VoiceCraft
VoiceCraft copied to clipboard
some Voice editing problem
I have noticed some testing and demo issues regarding voice editing I would like to ask you about when you edit the last part of the text, for example: https://youtu.be/PJ2qSjycLcw?t=353, after starting at 5:50, there will be a problem with the synthesis quality at the end of the sentence, I prefer the bad audio is not mask in two parts but edit it the end of the sentence. So I found your demo "this was george steers the son of a british naval captain and ship modeler who had become an american naval officer and was entrusted with the prestigious role of overseeing the operations at the renowned naval headquarters" editing in the end of the sentence.There will also be strange pauses at the end of the sentence between the last few words.
Thanks! I'm not sure I understand your question. If you meant to ask how to reduce unnatural pauses in the generation, try reducing the stop_repetition param to 1 or 2, or simple generate a few samples and select the shortest one (speech editing code doesn't support parallel decoding at this point
In general, VoiceCraft is trained on Gigaspeech, where most of the utterances have length 4~5 second, although the longest ones are ~20sec. So I would expect the model to perform worse on long generation.
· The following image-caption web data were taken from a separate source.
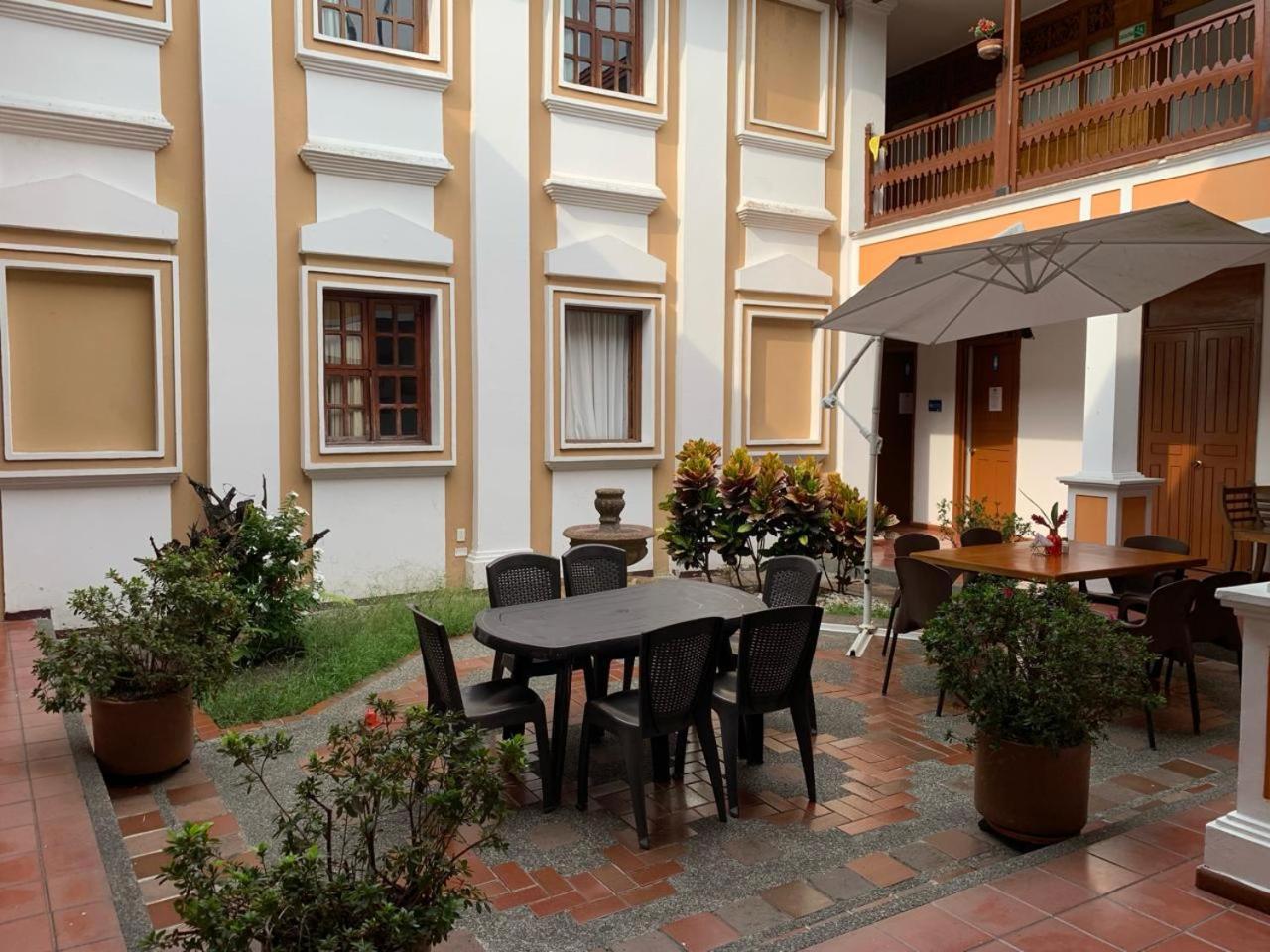 Hostal Boutique Del Regidor 부가 외부 사진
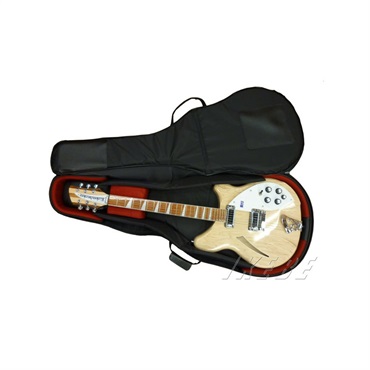 NAZCA 【受注生産品】 Protect Case [ES-335・セミアコ用/Burgundy#50] 画像2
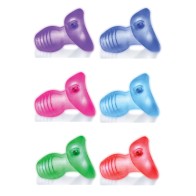 Oxballs Glowhole 1 Buttplug Hueco con LED Pequeño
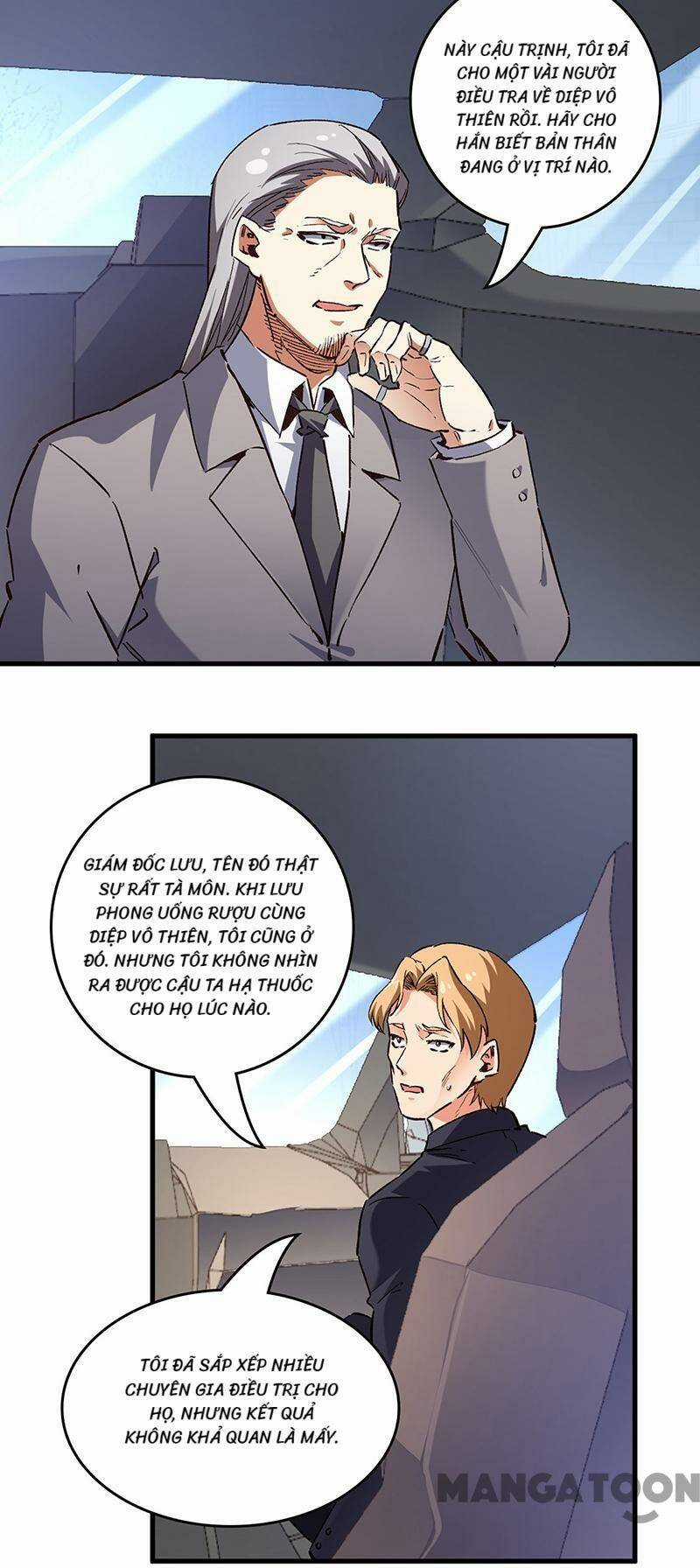 Diệu Thủ Cuồng Y - Chapter 236 - Trang 14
This problem would likely go away if you train/finetune the model on datasets of long sentences
Yes, thanks for your answer It is indeed possible that it is related to long sentences. The examples I gave you on YouTube and your demo seem to be related to long sentences. However, because the unnatural pause positions in words are at the end of the sentence. The solution you gave in inference is to adjust the stop_repetition param to 1 or 2. If you want to make permanent adjustments, is it better to use long story sentences like LibriSpeech for training?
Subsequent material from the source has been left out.